==== Supplied information

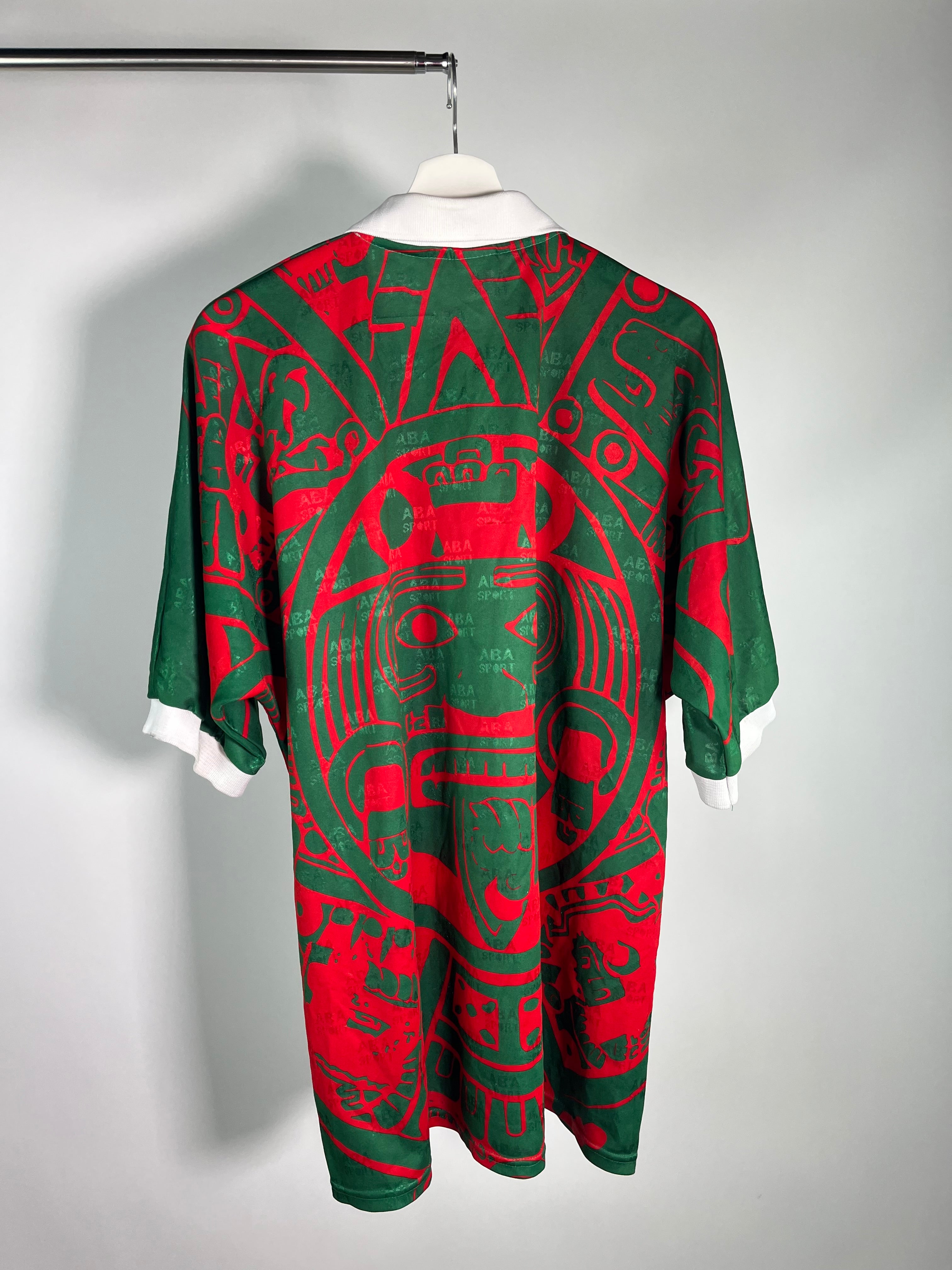Jersey México Tercero 1997 1998 (XL)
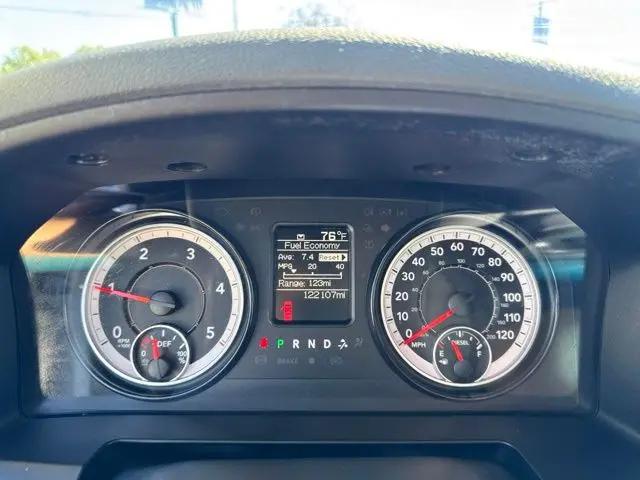 2019 Ram 1500 Classic Tradesman Crew Cab 4x4 57 Box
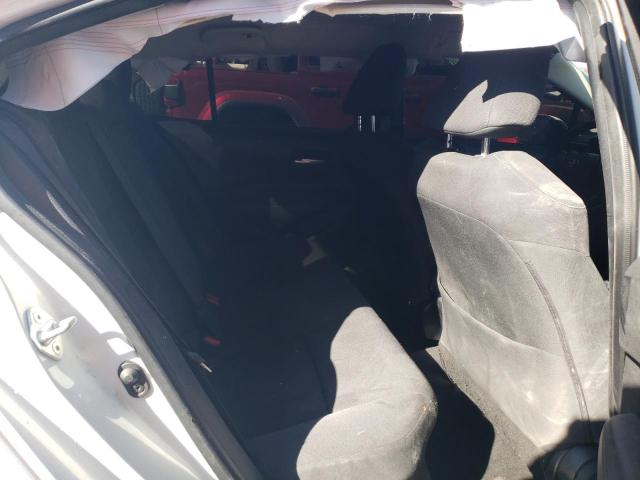 Photo 10 from auction – 2021 TOYOTA COROLLA LE with VIN JTDEAMDE5MJ006019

========

## [Problem details]
Reproduce the data exactly as it appears above. Pictures are to be left out.

## [Exercise solution]
Jersey México Tercero 1997 1998 (XL)
 2019 Ram 1500 Classic Tradesman Crew Cab 4x4 57 Box
 Photo 10 from auction – 2021 TOYOTA COROLLA LE with VIN JTDEAMDE5MJ006019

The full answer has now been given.